If the student instead did 160 XP per day (almost 3 hours of work) this would correspond to a pace of 4x normal, their learning efficiency would improve to about 1.15, and the time for course completion would be 3000 / (160 * 1.15) = 16.3 days or just over 3 weeks [again assuming 5 days of work a week].

On the other hand, a pace of 10 XP per day (about 10 minutes) would correspond to a pace 0.25x normal, their learning efficiency would decrease to about 0.87, and the time for course completion would be 3000 / (10 * 0.87) = 345 days or 69 weeks [again assuming 5 days of work a week]. It would thus take the student more than a year to complete the course.

A typical mathematics course takes 36 [5-day] weeks, with 50 minutes of class time and 50 minutes of homework per day.

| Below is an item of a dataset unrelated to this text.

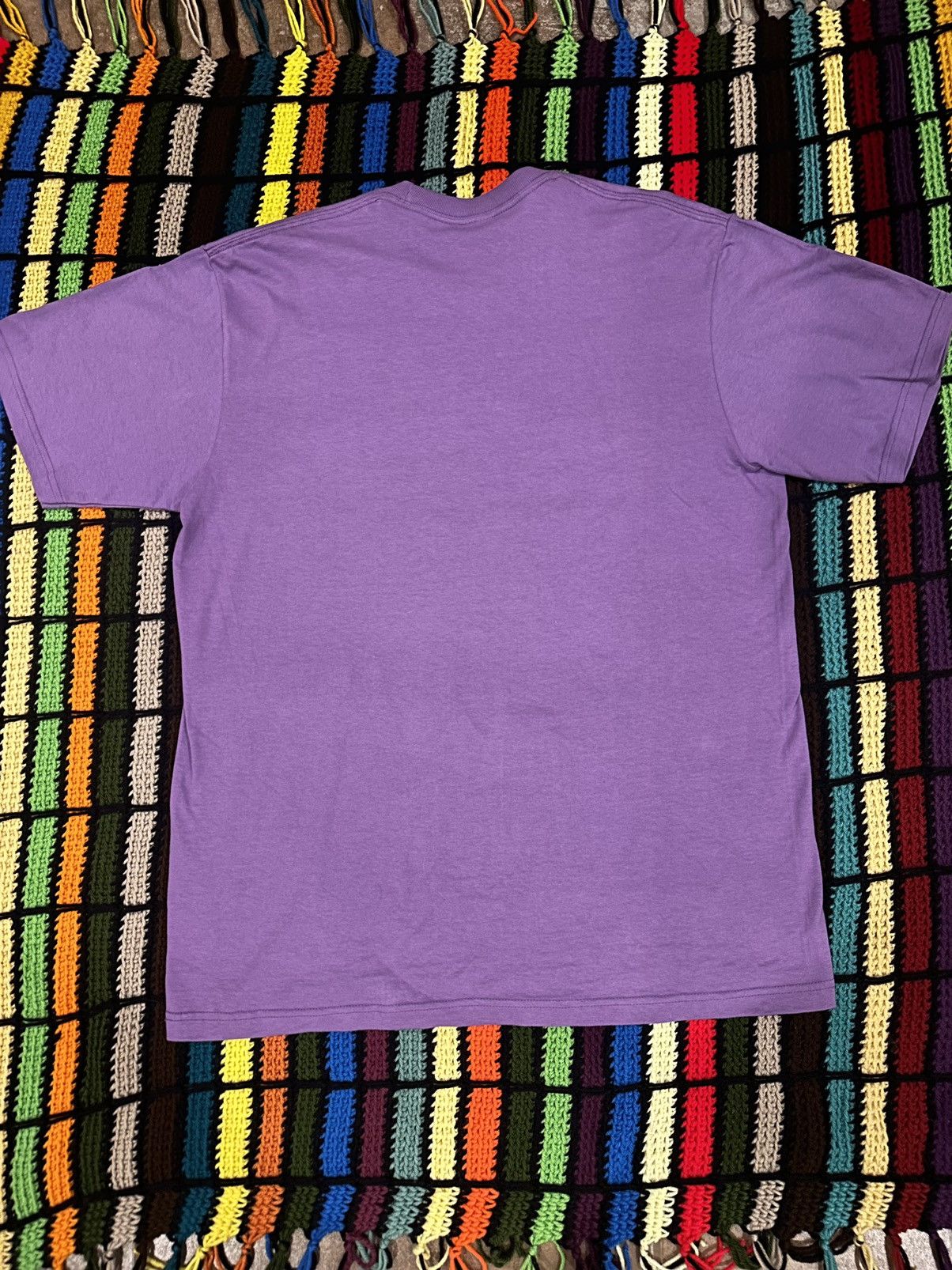 Supreme Supreme Top Shotta TShirt - Purple - Size L Size US L / EU 52-54 / 3 - 4 Thumbnail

If the student did 100 XP per day on a 3,000-XP Math Academy course, they would complete the course in 5-6 weeks, about a 6x speedup. [This corresponds to a learning efficiency of (100 / 40)^0.1 = 1.1, and a completion time of 3000 / (100 * 1.1) = 27 days, or about 5 1/2 weeks.]

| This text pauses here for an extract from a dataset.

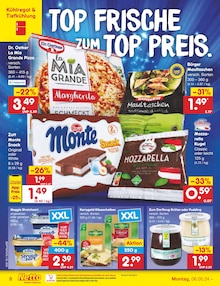 Pizza im Netto Marken-Discount Prospekt "Aktuelle Angebote" mit 55 Seiten (Erlangen)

Math Academy recommends doing at least 15 XP per day to complete a course in a reasonable time (less than a year), but recommends a faster pace for best results. [The calculated learning efficiency for 15 XP per day would be (15 / 40)^0.1 = 0.91, and the course course completion time for a 3,000 XP course would be 3000 / (15 * 0.91) = 220 days or 44 weeks, a little bit longer than a traditional school course.]

Chapter 29. Technical Deep Dive on Prioritizing Core Topics

A Math Academy course includes both core topics and supplemental topics, with core topics prioritized. Core topics are identified by a proprietary algorithm running against the course’s knowledge graph. Any topic identified as core will have all its prerequisites as core as well.

Supplemental topics are often present mainly because they are part of educational standards (e.g., Common Core). Core topics are the focus of the Mathematical Foundations (MF) series of courses, which are intended for adult learners who need a refresher on K-12 math but are not subject to Common Core or other requirements. The Mathematical Foundations courses are prerequisites for university-level courses.

This concludes my discussion of Part V of The Math Academy Way. In part 8 of this series I’ll discuss the final sections of the book, with a focus on “Frequently Asked Questions,” which includes answers for questions that might be asked by either students taking Math Academy courses or those interested in doing so.